______________ CASCA DE OVO
Ah, tem coisas que a gente não esquece! Não me esqueço das xícaras que adornavam a cristaleira do grande salão da casa de minha avó. Eram peças que encantavam ao primeiro olhar: pequenas, delicadas, em cores que pendiam para o dourado, e que traziam estampadas uma graciosa gueixa de sombrinha na mão. Só de ver, a imaginação voava longe. Hoje sei que no final do século XIX, adentrando os anos 1920, foram importadas do Japão porcelanas finíssimas, as chamadas Casca de Ovo — eram tão levinhas que davam medo de segurar. Pelas contas que faço, as xícaras de minha avó datam daquela época.
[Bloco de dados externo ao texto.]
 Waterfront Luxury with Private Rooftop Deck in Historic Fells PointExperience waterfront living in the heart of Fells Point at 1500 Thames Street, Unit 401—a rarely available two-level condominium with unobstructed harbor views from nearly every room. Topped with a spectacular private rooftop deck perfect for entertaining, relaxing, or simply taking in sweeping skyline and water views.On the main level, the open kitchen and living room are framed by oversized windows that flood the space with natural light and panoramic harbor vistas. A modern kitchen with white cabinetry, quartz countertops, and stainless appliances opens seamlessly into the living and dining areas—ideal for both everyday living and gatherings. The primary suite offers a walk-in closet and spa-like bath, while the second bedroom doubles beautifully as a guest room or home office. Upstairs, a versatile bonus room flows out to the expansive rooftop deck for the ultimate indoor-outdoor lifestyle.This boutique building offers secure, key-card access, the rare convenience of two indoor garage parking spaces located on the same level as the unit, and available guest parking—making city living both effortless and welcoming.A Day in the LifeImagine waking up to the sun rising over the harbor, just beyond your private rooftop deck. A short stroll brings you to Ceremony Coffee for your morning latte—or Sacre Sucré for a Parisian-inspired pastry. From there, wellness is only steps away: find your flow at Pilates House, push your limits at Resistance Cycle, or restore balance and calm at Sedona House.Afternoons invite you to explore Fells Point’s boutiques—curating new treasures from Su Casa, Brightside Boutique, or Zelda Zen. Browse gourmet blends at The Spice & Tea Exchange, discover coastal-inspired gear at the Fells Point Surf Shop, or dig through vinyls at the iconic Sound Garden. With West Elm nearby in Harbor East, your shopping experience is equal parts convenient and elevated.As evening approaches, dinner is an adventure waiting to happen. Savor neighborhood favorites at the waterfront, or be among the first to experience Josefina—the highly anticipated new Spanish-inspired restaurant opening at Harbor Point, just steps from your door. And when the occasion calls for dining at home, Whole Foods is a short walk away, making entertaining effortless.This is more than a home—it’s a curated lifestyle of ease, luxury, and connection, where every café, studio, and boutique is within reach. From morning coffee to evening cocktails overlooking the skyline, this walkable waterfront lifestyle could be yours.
Muitos anos depois, ainda resta um exemplar dessa raridade na cristaleira de uma tia, a última do legado familiar. Outro dia, tive na palma da mão esse símbolo de resistência: a xicarazinha japonesa. A gueixa pintada à mão continua lá, firme e forte, e não fosse pelo risquinho de um trincado, eu diria que ainda está como a vi noutros dias. Mas esse trincadinho, o que significa perante a grandeza da xicarizinha? Ainda mais quando se trata de uma Casca de Ovo, vinda lá das lonjuras japonesas... É valente a pecinha de porcelana, pois muitos olhares que já partiram se deleitaram em sua superfície de gueixa e sombrinha. E nada, até que se quebre em mil pedaços, poderá despi-la de seu destino de contar história. Nesse caso, até o trincadinho faz parte... Afinal, quem nunca?